El avión rodó por la pista y pasó ante un indicador de viento que aquel día permanecía completamente lacio.
—¿Y bien?
Sus ojos se llenaron de luz otra vez cuando el aparato maniobró hasta poner proa al sol.
—Y bien, Lucy cree saber quién está detrás de lo sucedido.
—¿Qué significa «quién está detrás»? —inquinó él con expresión ceñuda.
—Me parece que está muy claro —respondí—. Y si para alguien no lo está, será porque da por sentado que no hay nadie detrás de nada y que la chica es culpable.
—Escucha, Kay, las máquinas registraron la huella dactilar del pulgar de Lucy a las tres de la madrugada.
—De eso no hay duda.
—Y tampoco hay duda de que esa huella no habría quedado registrada sin que su pulgar estuviera allí físicamente, sin que su mano, su brazo y el resto de su cuerpo estuvieran allí físicamente a la hora que indica el ordenador.
—Sé perfectamente hacia dónde señalan los indicios
—afirmé.
Wesley se puso las gafas de sol y nos levantamos del asiento.
—Y yo sólo te lo recuerdo, por si acaso —me murmuró al oído mientras avanzábamos por el pasillo del avión.

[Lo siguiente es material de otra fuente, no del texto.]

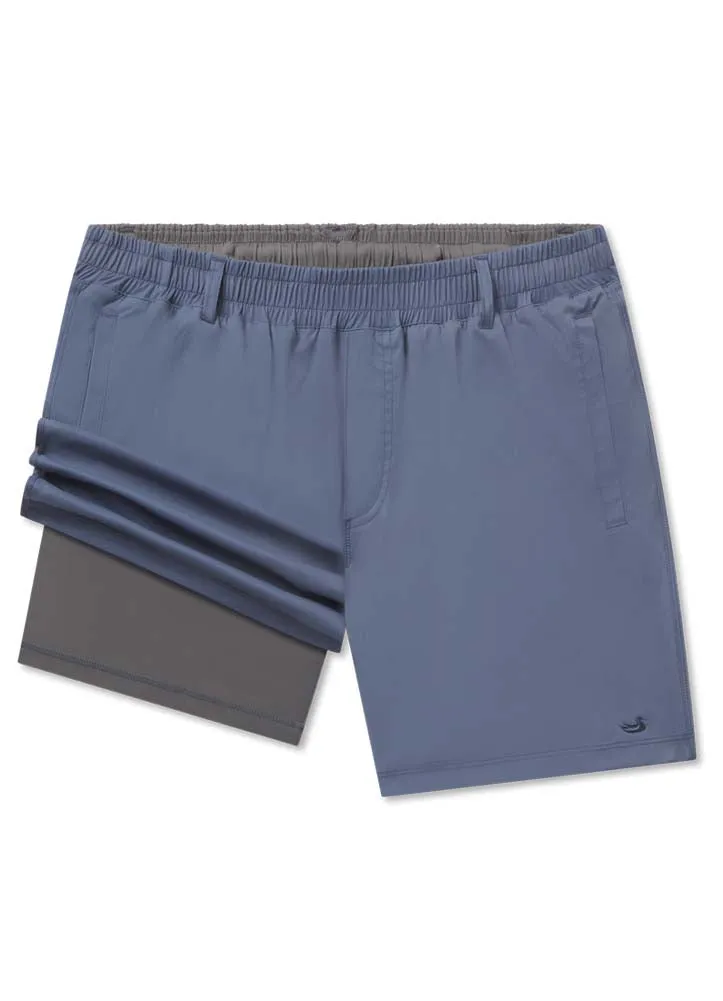 Billfish Lined Performance Shorts in Slate by Southern Marsh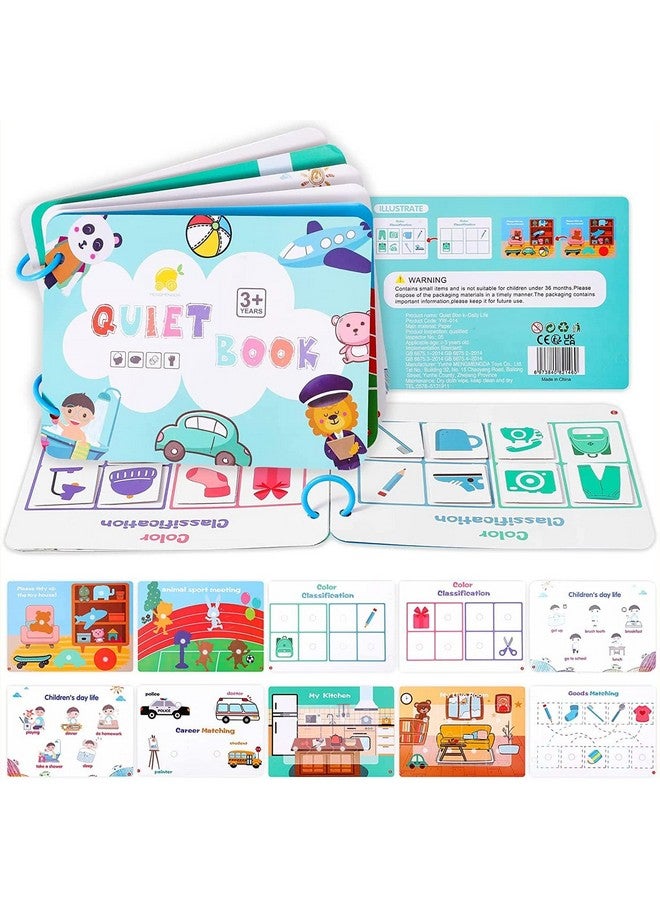 ماما ميا كتاب MUMMAMIA DIY للحياة اليومية الهادئة للأطفال، كتاب أنشطة تعليم مبكر للأطفال الصغار يُلصق ويُلصق لتطوير المهارات التعليمية الأساسية للأطفال (كتاب هادئ (الحياة اليومية)) - Image 1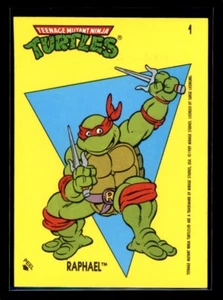 Raphael 1989 Topps Teenage Mutant Turtles TMNT Sticker 1 C2 - Bild 1 von 2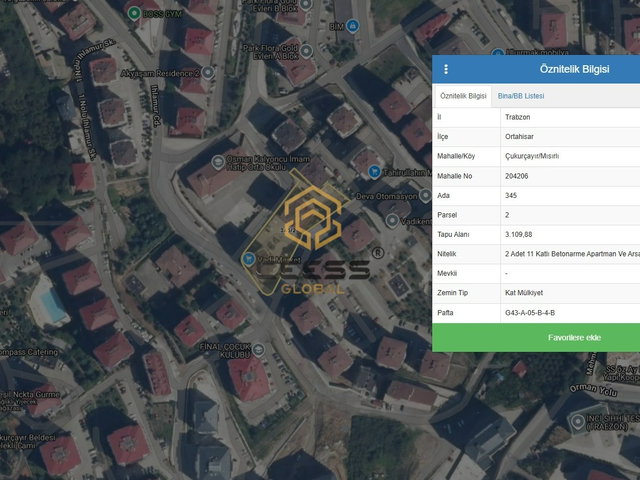 TRABZON ÇUKURÇAYIR VADİKENT SİTESİNDE SATILIK 3+1 DAİRE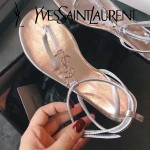 YSL鞋子-001 聖羅蘭時尚原版定制進口牛皮平底夾趾涼鞋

Podríamos habernos trasladado del Travel-Eze a otro alojamiento más lujoso en Asheville, pero tan pronto nos reunimos con Marino en el restaurante Coach House, que tenía fama por unas razones que no quedaban del todo claras, nadie prestó más atención a dónde dormiríamos.
Cuando el agente de Black Mountain que nos había recogido en el aeropuerto nos dejó en el aparcamiento del restaurante y se alejó silenciosamente, me asaltó una sensación extraña. Marino tenía su Chevrolet último modelo cerca de la puerta y él estaba dentro del local, a solas en una mesa de un rincón, frente a la caja, como procura hacer cualquiera que haya tenido algún roce con la ley.